指令集如何区分参考值

Question

Let's look at this code:

int main ()
{
    int a = 5;
    int&b = a;

    cout << a << endl;  // 5 is displayed
    cout << b << endl;  // 5 is also displayed

    return 0;
}

This is the behavior I saw in my debugger.

int a = 5 will assign value 5 in memory address -0x14(%rbp)

int& b = a will assign value -0x14(%rbp) in memory address -0x8(%rbp)

When I do cout << a << endl the value in the address of a (ie -0x14(%rbp)) will be displayed.

But somehow when I do cout << b << endl the value in the address of b (ie -0x8(%rbp) ) is determined to be an address then the value of that address ( -0x14(%rbp) ) is displayed.

This is the assembly for the std::cout calls:

20                  cout << a << endl;
0000000000401506:   mov -0xc(%rbp),%eax
0000000000401509:   mov %eax,%edx
000000000040150b:   lea 0x6f8c9c6e(%rip),%rcx        # 0x6fccb180 <libstdc++-6!_ZSt4cout>
0000000000401512:   callq 0x4015f8 <_ZNSolsEi>
0000000000401517:   lea 0xe2(%rip),%rdx        # 0x401600 <_ZSt4endlIcSt11char_traitsIcEERSt13basic_ostreamIT_T0_ES6_>
000000000040151e:   mov %rax,%rcx
0000000000401521:   callq 0x401608 <_ZNSolsEPFRSoS_E>
21                  cout << b << endl;
0000000000401526:   mov -0x8(%rbp),%rax
000000000040152a:   mov (%rax),%eax
000000000040152c:   mov %eax,%edx
000000000040152e:   lea 0x6f8c9c4b(%rip),%rcx        # 0x6fccb180 <libstdc++-6!_ZSt4cout>
0000000000401535:   callq 0x4015f8 <_ZNSolsEi>
000000000040153a:   lea 0xbf(%rip),%rdx        # 0x401600 <_ZSt4endlIcSt11char_traitsIcEERSt13basic_ostreamIT_T0_ES6_>
0000000000401541:   mov %rax,%rcx
0000000000401544:   callq 0x401608 <_ZNSolsEPFRSoS_E>
24                  return 0;

Question:

Both std::cout instructions are very similar, How is a treated differently from b ?

Answer 1

In short: it does not.

CPU itself doesn't care about which type is stored where, it just executes instructions generated by compiler.

Compiler knows that b is a reference, not an int . So it instructs CPU to treat b as a pointer.

If you look at the assembly code for your program, you'll see that the instructions for accessing a and b are different: the part for b contains an extra instruction

mov (%rax),%eax

which is the dereferencing step. (In this assembly notation, parentheses mean dereferencing, so this instruction means something like eax = *rax).

Answer 2

I presume you've requested absolutely no optimization.

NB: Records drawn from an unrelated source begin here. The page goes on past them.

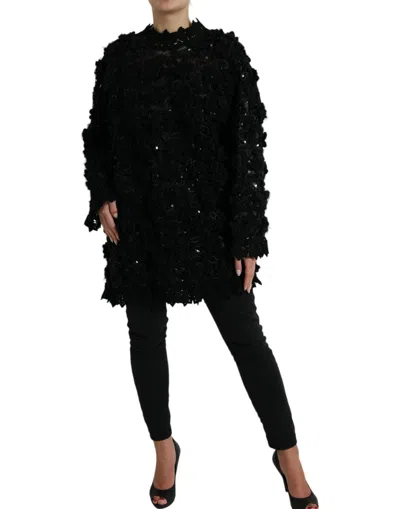 Dolce & Gabbana Black Sequined Embellished Pullover Sweater In Black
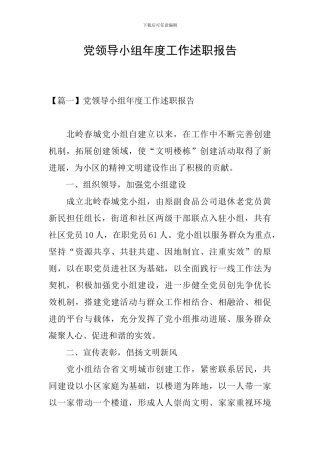 党领导小组年度工作述职报告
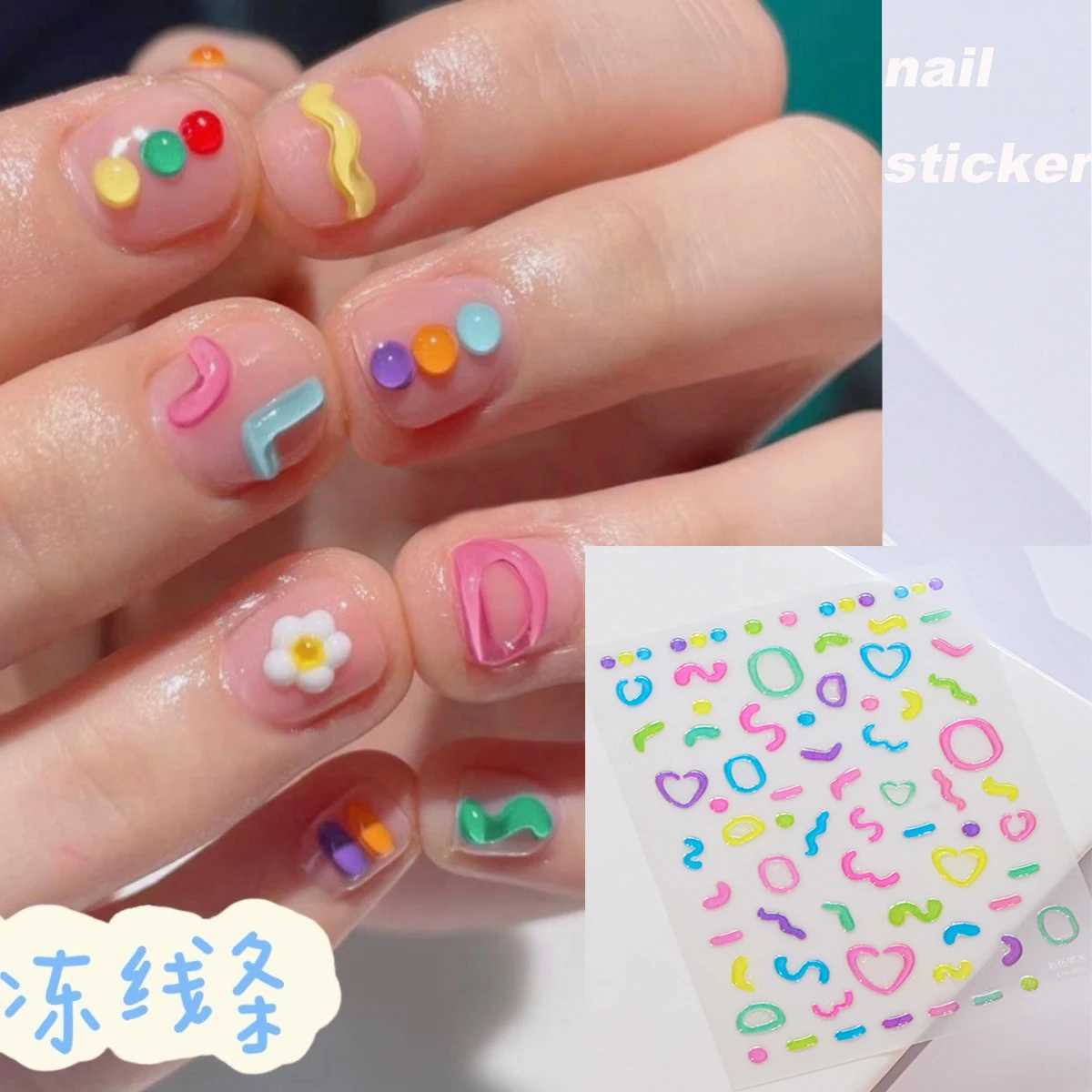 5D Jelly Line Letter Heart Cartoon Nail Stickers Colorful Relief Geometry Press On Nails Decals Decoration DIY Adhesive Sliders#XJ250120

Although even then, I would have expected accessing a and accessing b to generate exactly the same code (in this case, at least).

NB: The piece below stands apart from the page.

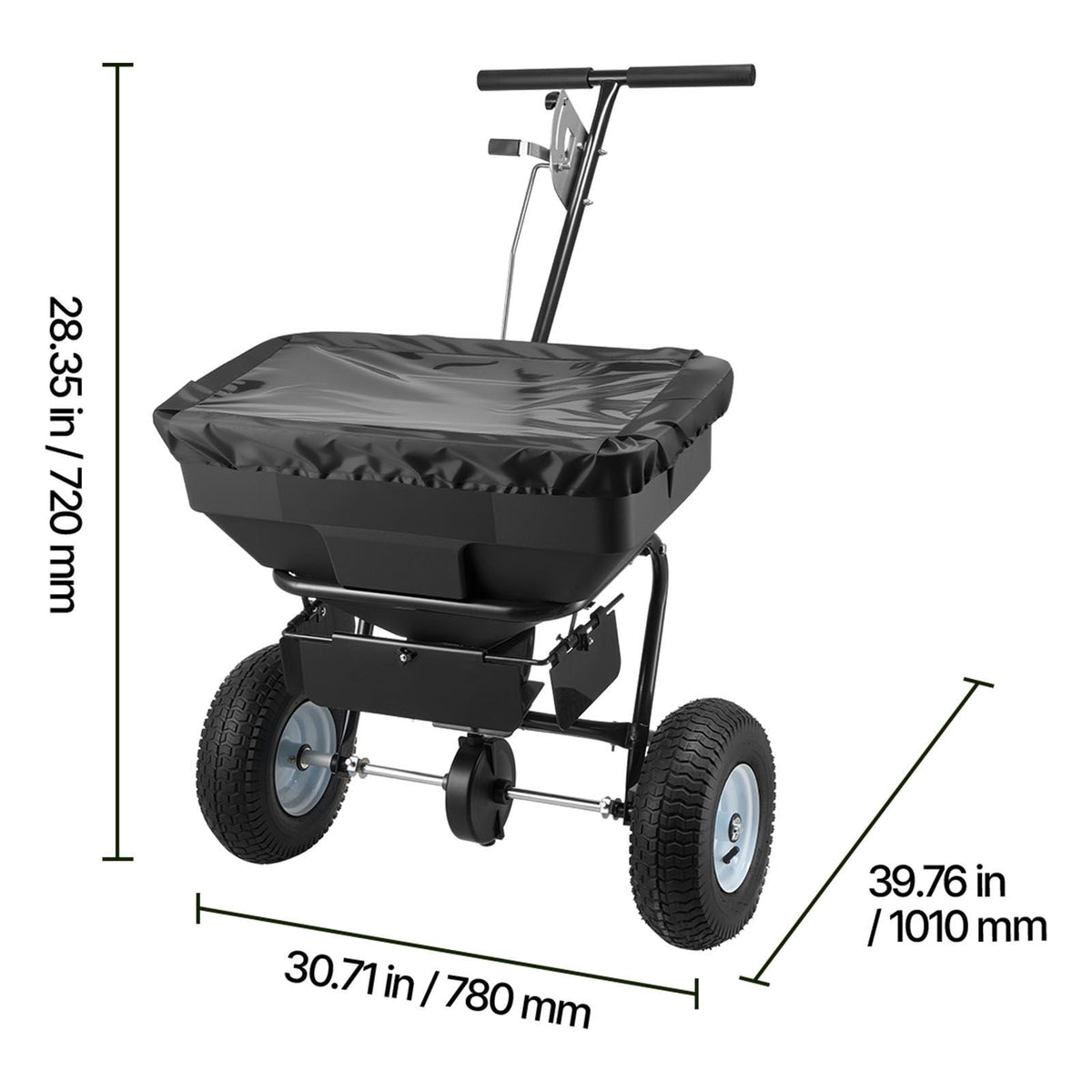 Walk-Behind Spreader, 12ft Spreading Width, Push Broadcast Spreader with 13" All-Terrain Tires, Adjustable Flow Control, 130lbs Capacity Hopper, Lawn Spreaders for Fertilizer Seed Ice Melt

With regards to how the compiler knows: a and b have different types, so the compiler knows to do different things with them. The standard has been designed so that replacing int& with int* const , and then automatically dereferencing on each access (except the initialization) will result in a conforming implementation; it looks like this is what your compiler is doing.